Task to carry out: Transcribe every record verbatim; no pictures.

(Input data Opens)

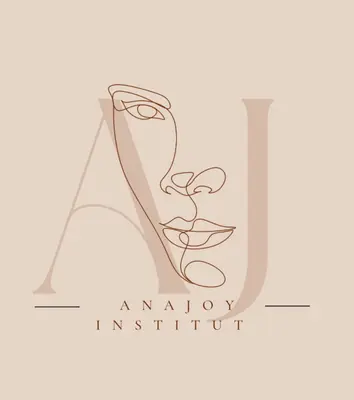 Anajoyinstitut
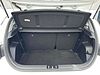 Hyundai I20 1.0T GDi Advance [Nav] 5dr White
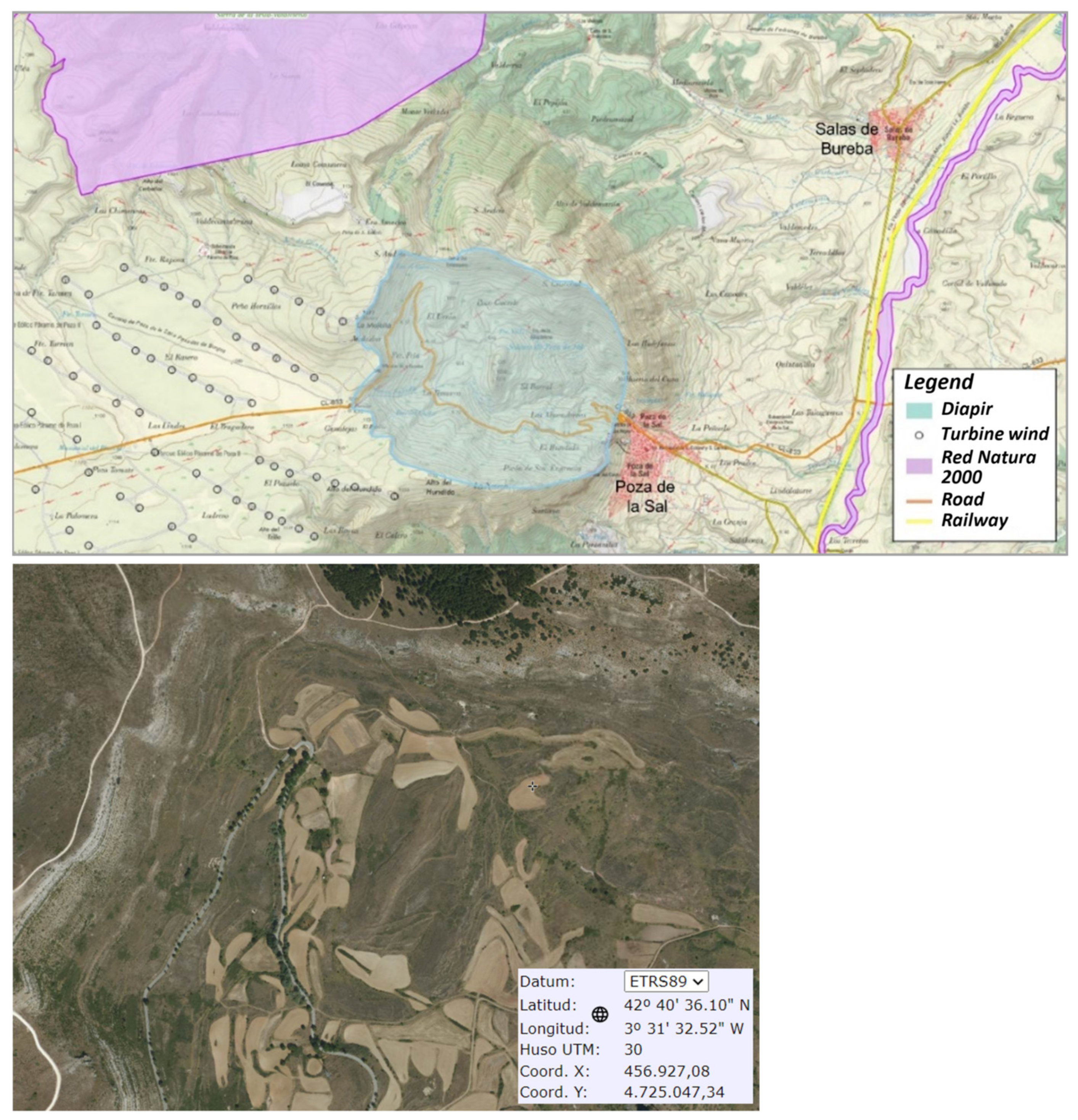 Applsci 12 06081 g003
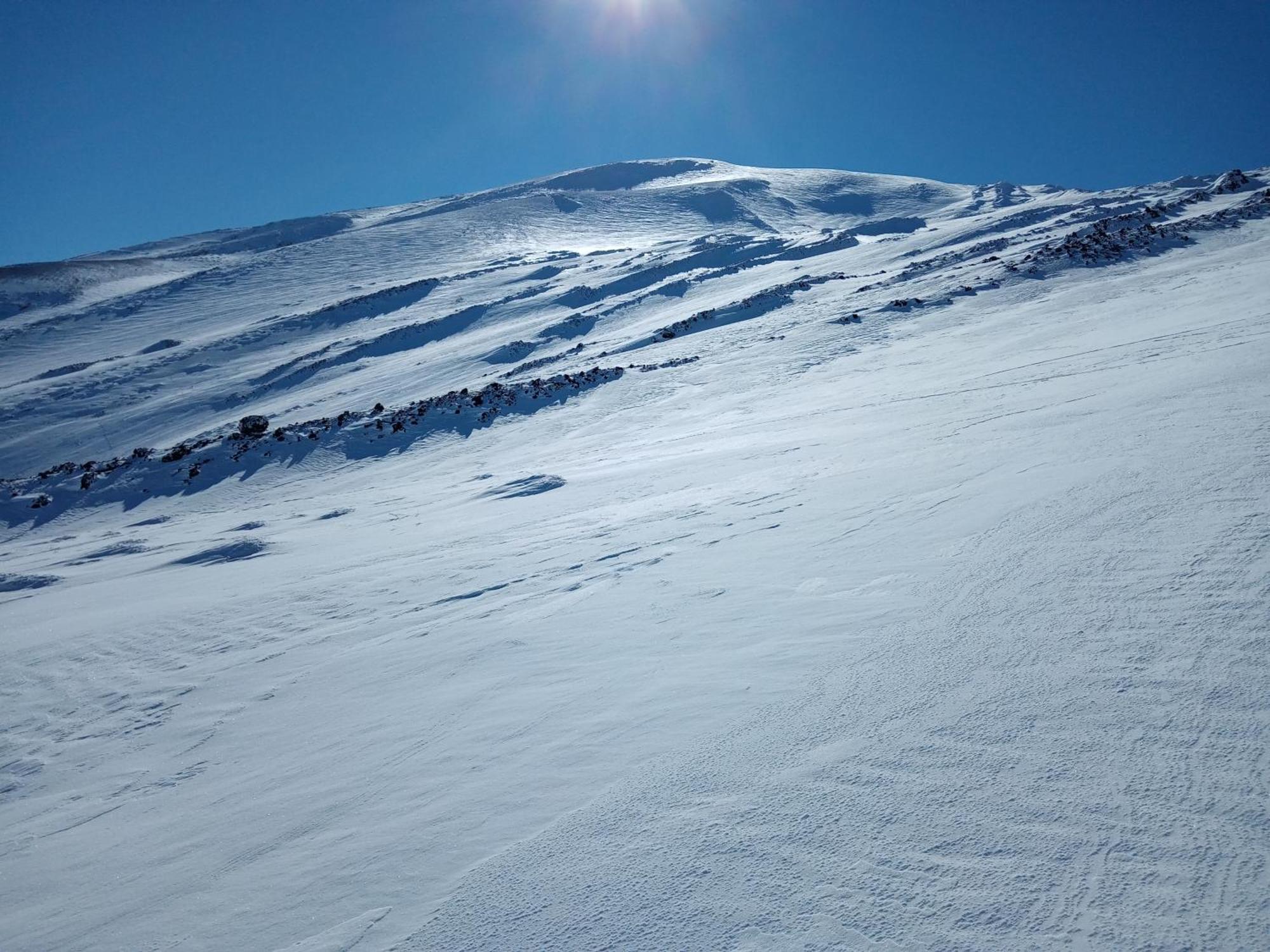 La Finestra Sull'Etna Villa Linguaglossa Dış mekan fotoğraf
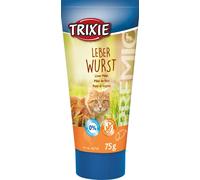 12x Trixie Paté de Hígado 12x 75 g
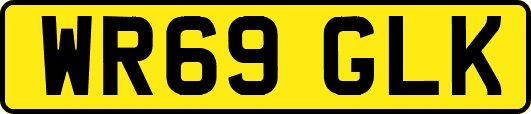WR69GLK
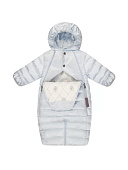 Купить Комбинезон-трансформер Наследник Выжанова в Иркутске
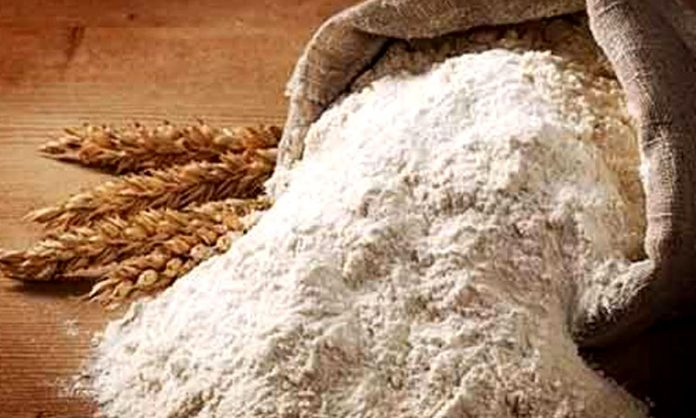 Wheat Flour Prices - ලබන සතියේ සිට තිරිඟු පිටි මිල පහලට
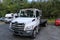 2026 Hino L6-24 Base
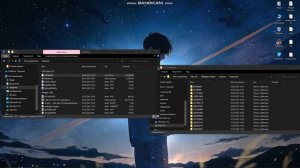 КАК УСТАНОВИТЬ АНИМИРОВАННЫЕ ОБОИ НА Wallpaper Engine(пиратка)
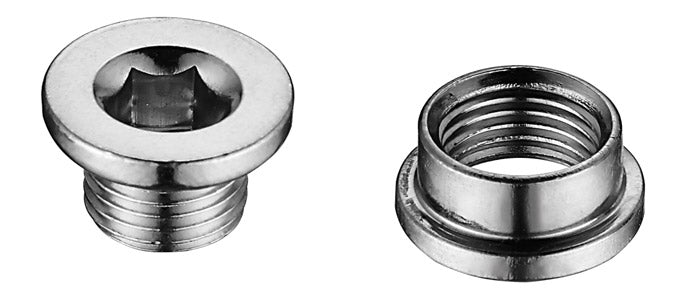 Derailleurpad Marwi GH-081 diverse merken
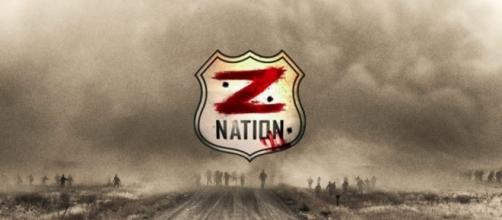 Season 3 of Z Nation full of action and laughs! Photo: Blasting News Library - Whats On Netflix - whats-on-netflix.com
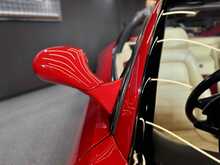 Ferrari 355 GTS Ferrari 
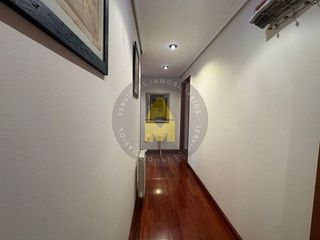 Piso en alquiler en Zona Ultramar en Ferrol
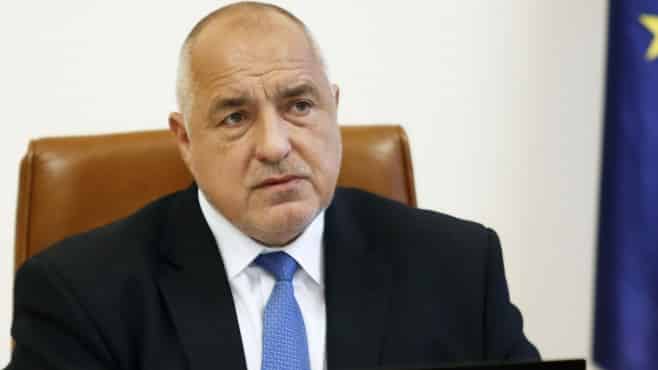 Емил Василев: Мисията на ИТН е била да спасява политическия задник на главния мутроченгесар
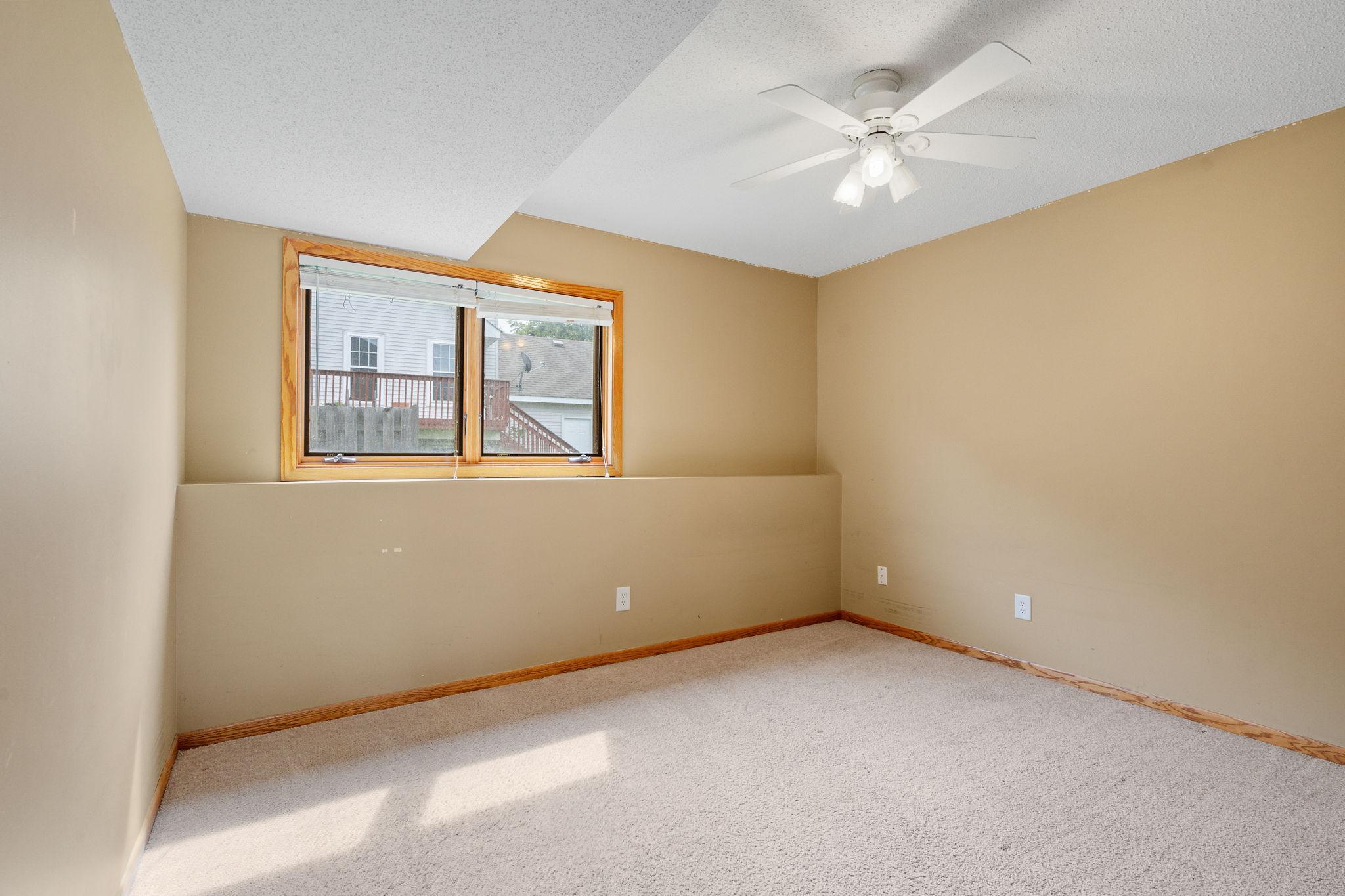 10283 Lee Drive Property Photo 26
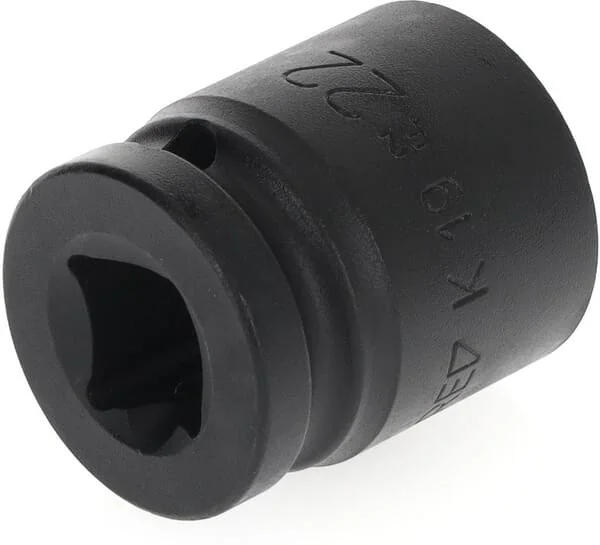 Gedore - DPK1922 - Schlagbuchse 1/2"-22mm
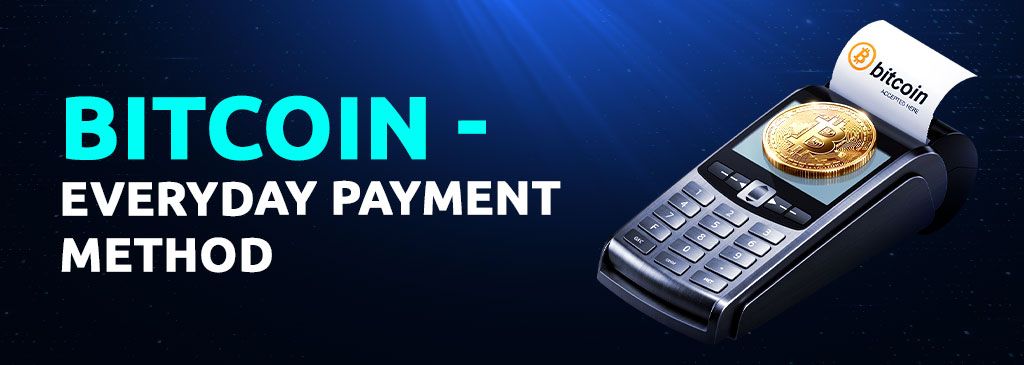 BTC-eng-1000x300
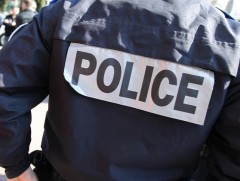 Гэмт хэргийн гаралт 9.3 хувиар буурчээ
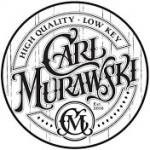 Carl Murawski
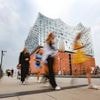 Gender-Pay-Gap wird kleiner: Hamburger verdienen deutschlandweit am meisten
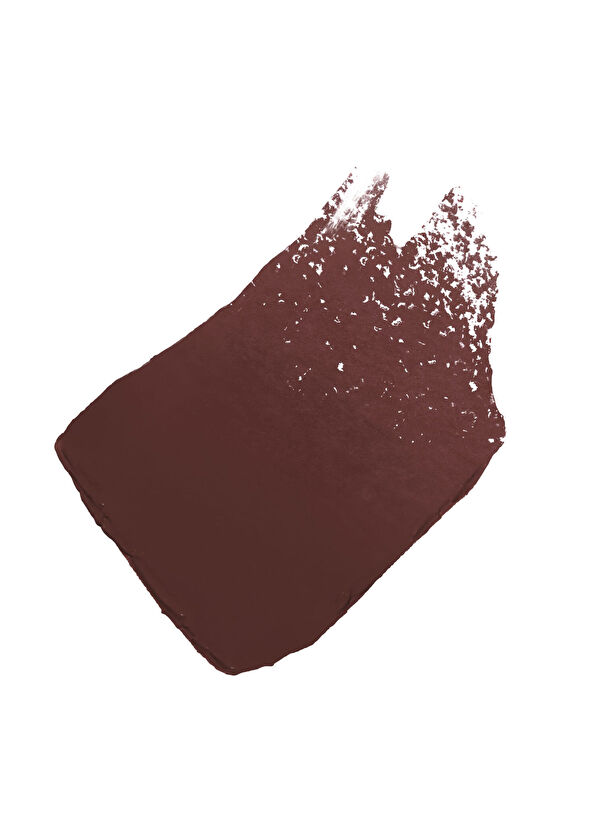CHANEL PARFÜM - 3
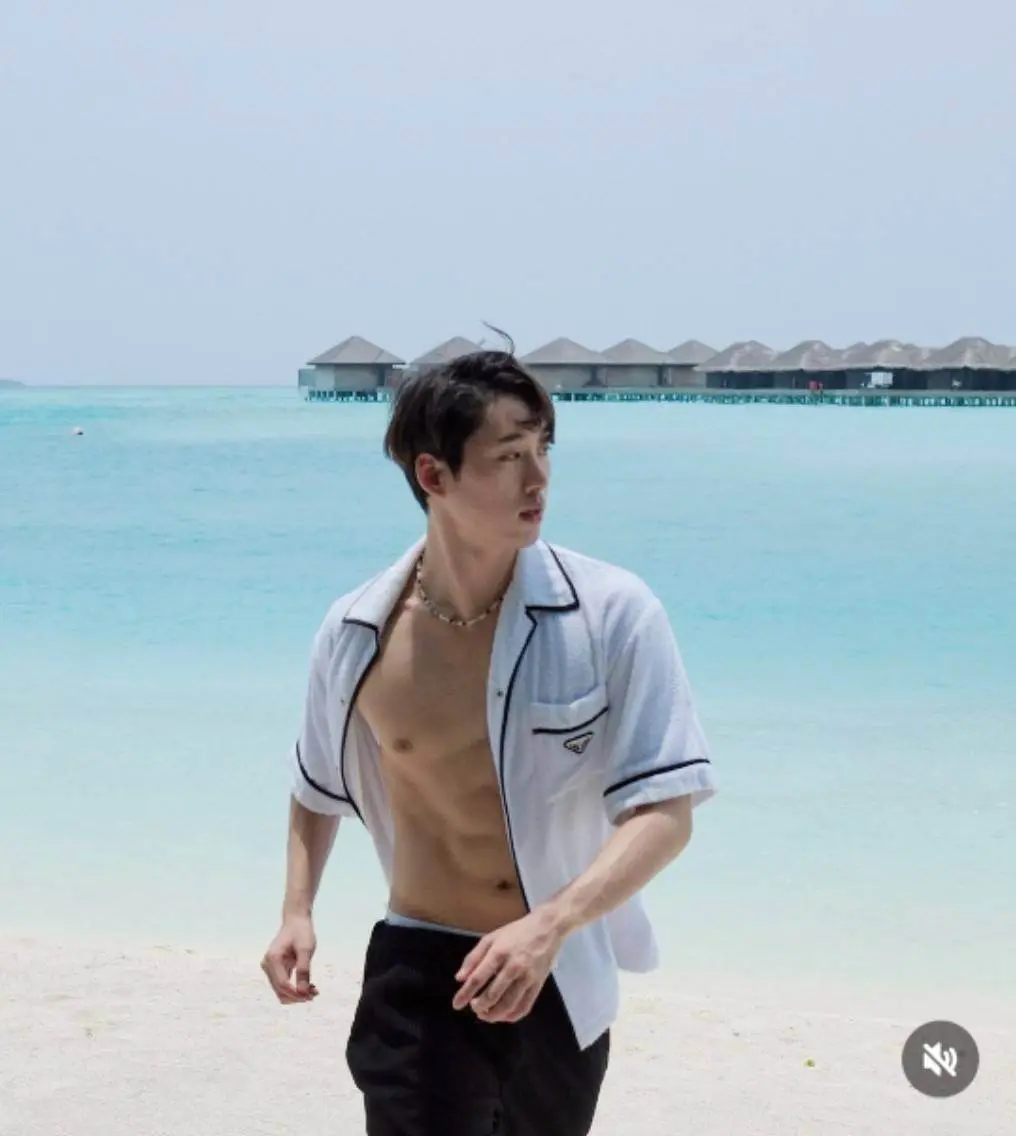 ไม่ถอดดดด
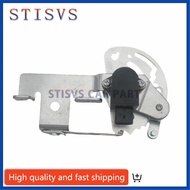 Standard Ignition Neutral Safety Switch 3C3Z-7H557-AA for Ford F-350 Super Duty 2003-2016 3C3Z 7H557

(Input data Closes)

Solution to this problem:
 Anajoyinstitut
 Hyundai I20 1.0T GDi Advance [Nav] 5dr White
 Applsci 12 06081 g003
 La Finestra Sull'Etna Villa Linguaglossa Dış mekan fotoğraf
 12x Trixie Paté de Hígado 12x 75 g
WR69GLK
 Купить Комбинезон-трансформер Наследник Выжанова в Иркутске
 Wheat Flour Prices - ලබන සතියේ සිට තිරිඟු පිටි මිල පහලට
 2026 Hino L6-24 Base
 КАК УСТАНОВИТЬ АНИМИРОВАННЫЕ ОБОИ НА Wallpaper Engine(пиратка)
 Derailleurpad Marwi GH-081 diverse merken
 Season 3 of Z Nation full of action and laughs! Photo: Blasting News Library - Whats On Netflix - whats-on-netflix.com
 Ferrari 355 GTS Ferrari 
 Piso en alquiler en Zona Ultramar en Ferrol
 Емил Василев: Мисията на ИТН е била да спасява политическия задник на главния мутроченгесар
 10283 Lee Drive Property Photo 26
 Gedore - DPK1922 - Schlagbuchse 1/2"-22mm
 BTC-eng-1000x300
 Гэмт хэргийн гаралт 9.3 хувиар буурчээ
 Carl Murawski
 Gender-Pay-Gap wird kleiner: Hamburger verdienen deutschlandweit am meisten
CHANEL PARFÜM - 3
 ไม่ถอดดดด
 Standard Ignition Neutral Safety Switch 3C3Z-7H557-AA for Ford F-350 Super Duty 2003-2016 3C3Z 7H557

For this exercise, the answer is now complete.